TASK INPUTS

########################################

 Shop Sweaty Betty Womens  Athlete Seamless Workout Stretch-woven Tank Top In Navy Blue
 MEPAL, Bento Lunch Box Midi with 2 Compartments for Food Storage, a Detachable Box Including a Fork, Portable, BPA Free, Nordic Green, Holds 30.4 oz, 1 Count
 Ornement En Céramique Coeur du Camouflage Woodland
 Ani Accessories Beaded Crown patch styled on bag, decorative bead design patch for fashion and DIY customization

########################################

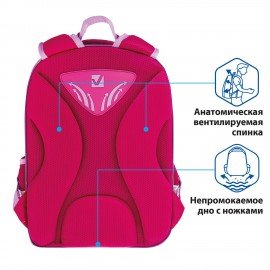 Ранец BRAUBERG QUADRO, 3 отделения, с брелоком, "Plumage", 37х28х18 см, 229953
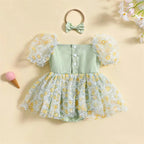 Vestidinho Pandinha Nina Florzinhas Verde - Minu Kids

########################################

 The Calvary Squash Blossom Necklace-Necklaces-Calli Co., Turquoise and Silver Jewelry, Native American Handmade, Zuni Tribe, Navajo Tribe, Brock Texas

########################################

ACTIVITY
Using the entries shown above, reproduce verbatim the lines from the line bearing "MEPAL, Bento Lunch" to the line bearing "Ani Accessories Beaded", inclusive.

RESPONSE FOR THIS EXERCISE
 MEPAL, Bento Lunch Box Midi with 2 Compartments for Food Storage, a Detachable Box Including a Fork, Portable, BPA Free, Nordic Green, Holds 30.4 oz, 1 Count
 Ornement En Céramique Coeur du Camouflage Woodland
 Ani Accessories Beaded Crown patch styled on bag, decorative bead design patch for fashion and DIY customization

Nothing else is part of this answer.